SoftwareGlobalVision Desktop - Software version 5.0 - 5.5

The character equivalency list is used to single out pairs and/or sequences of characters that are equivalent. Typical examples include the different flavors of “bullet” characters, as well as specific accented characters (mostly used in the Czech, Polish, etc languages). The accented characters could also be composite characters, being constructed of two individual, distinct characters. By using a character equivalency list, such minor differences (or in some cases false positives) will no longer be reported and it will overall increase the accuracy of the comparison, due to better word matching.

The character equivalency list is saved with the project and restored from the project.

Location, format and hexidecimal

The character equivalency list can be specified in the docuproof.ini file (found in C:\Users\Public\GlobalVision\Resource\) using the following format and syntax:

CharEquivalencyList=<0x0079 + 0x0301 : 0x00fd>; <0x0065 : 0x0066>; <0x2022, 0x2023 :0x2024 >

The reason we use a hexadecimal representation of the character code is that more often than not, the equivalency list contains special characters, that are not readily available as a single key press on the keyboard.

Syntax

Each equivalency list token is bracketed by the “<” (at the beginning) and the “>” (at the end) characters. The series of tokens are separated by “;”

Explanation of the code

In the above example the list has 3 equivalency tokens.

The syntax and format of one equivalency token is as follows:

“Source part” : “equivalent part”

The source part can use “,”(commas) to specify several sequences or “+” (plus sign) to specify a contiguous sequence.

The equivalency part can use only “+”(plus sign) to specify a contiguous sequence, or only one character

Example : the last sequence in the above example <0x2022, 0x2023 :0x2024 > is deciphered as follows:

0x2022 is equivalent to 0x2024

0x2023 is equivalent to 0x2024

Translating the equation to English, it is seen as:

A regular bullet(0x2022) is equivalent to the “one dot leader” character (0x2024)

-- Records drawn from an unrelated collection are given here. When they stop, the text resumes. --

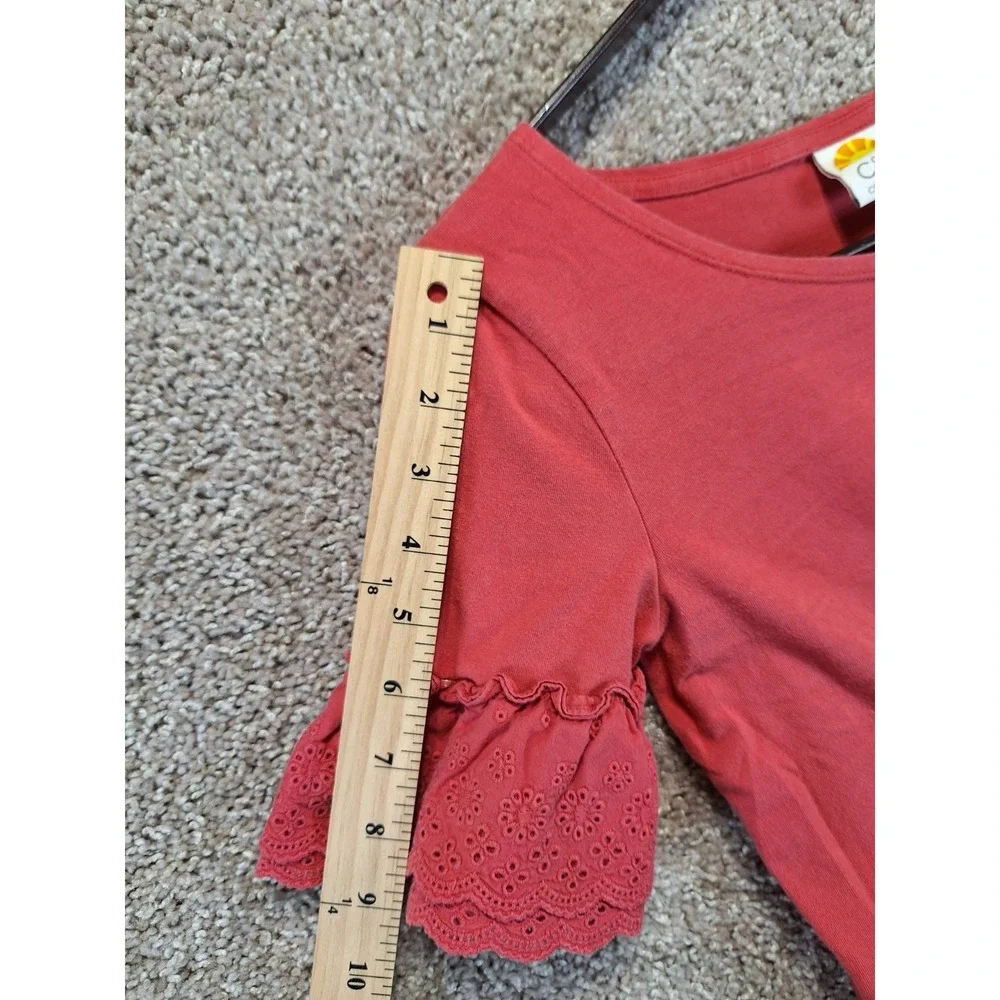 C&C California Shift Dress Womens XS Pink Stretch Eyelet Ruffle Sleeve Pullover - Picture 4 of 8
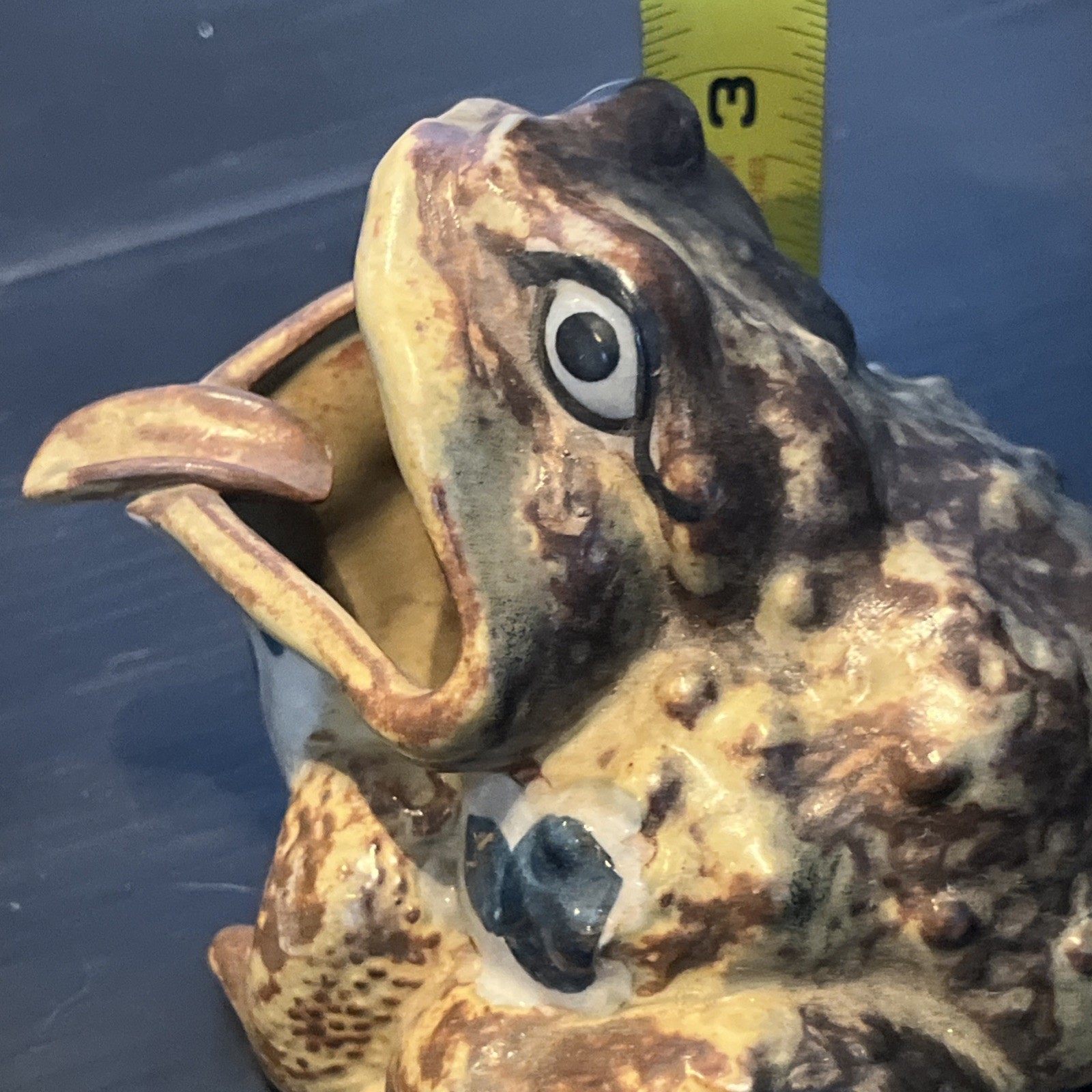Gorgeous Vintage Studio Art Unique Glazed Pottery Horny Frog Toad Ashtray Japan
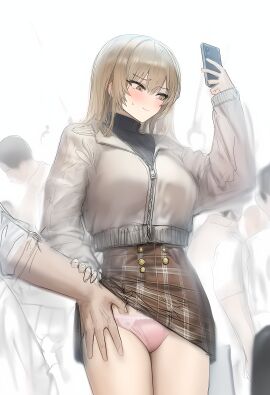 absurd_res absurdres altered_common_sense brown_eyes brown_hair cellphone change_in_common_sense common_sense_change embarrassed empty_eyes femsub highres hypnosis hypnotized_female hypnotized_personality_change kikyō lifted_skirt long_hair maledom mind_alteration mind_control molestation molester molesting original original_character pink_panties plaid_skirt selfie skirt_lift skirt_lifted_by_another sweater unaware unaware_hypnosis unbothered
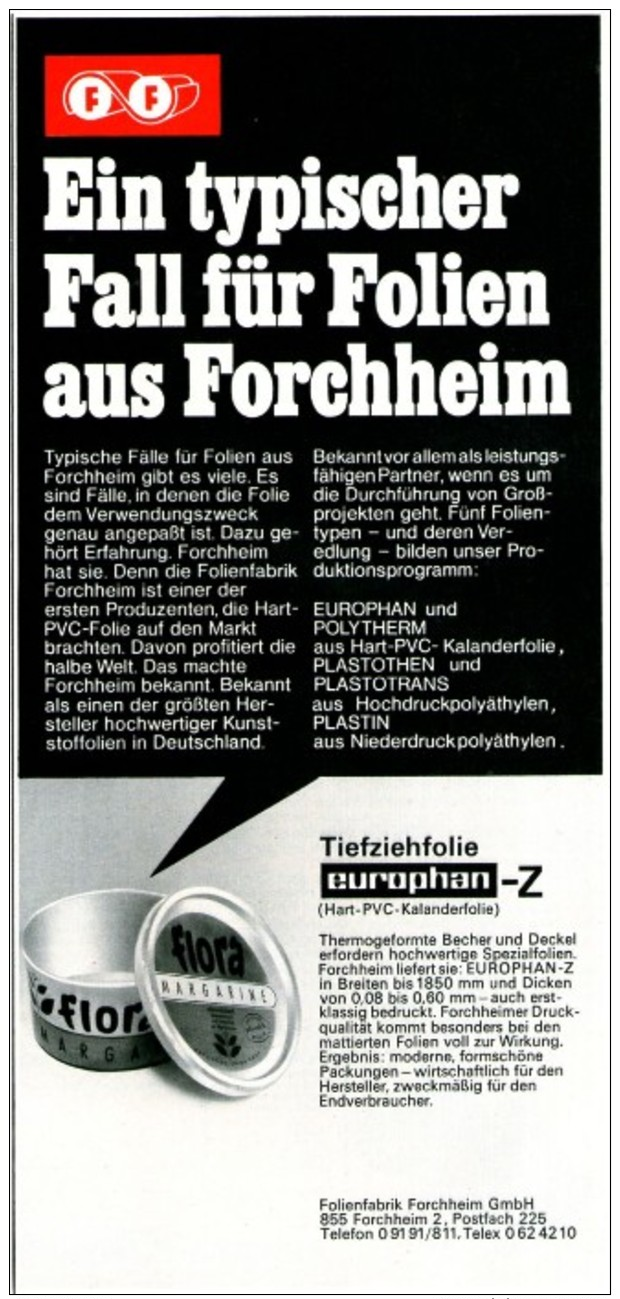 Original-Werbung/ Anzeige 1969 - EUROPHAN-Z / FOLIENFABRIK FORCHHEIM  - Ca. 115 X 240 Mm - Werbung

A triangular bullet(0x2023) is equivalent to the “one dot leader” character (0x2024)

Using the same example, but slightly modified:

<0x2022 + 0x2023 :0x2024 >

This is now deciphered as: A sequence comprised of a regular bullet(0x2022) and triangular bullet(0x2023) next to each other is equivalent to the “one dot leader” character (0x2024)

Limitations

The equivalency logic is presently replacing the character visually in the difference grid e.g. small letter o (Unicode value: 006f) is used as a bullet in the original file whereas in the revision, Unicode value: 00ba is being used.
Once added to the ini file, the one-to-one differences are not detected, however, the Unicode character from revision is replacing the character from the original file e.g. tools would be displayed as tººls (in the grid).
The equivalency list should be populated in the ini file with the Unicode values. The Unicode values are displayed in the change-grid for each character detected as a difference.
However, not all characters display as expected or the character might not display at all. For example, the ini entry for ý needs to be setup as:
CharEquivalencyList=<0x00fd: 0x0079 + 0x0301>;
where:
0x00fd: ý
0x0079: y
0x0301: ́

The character ́ does not display in the change-grid – the user must hover over the blank field next to the <y> character, to determine the Unicode value of the accent.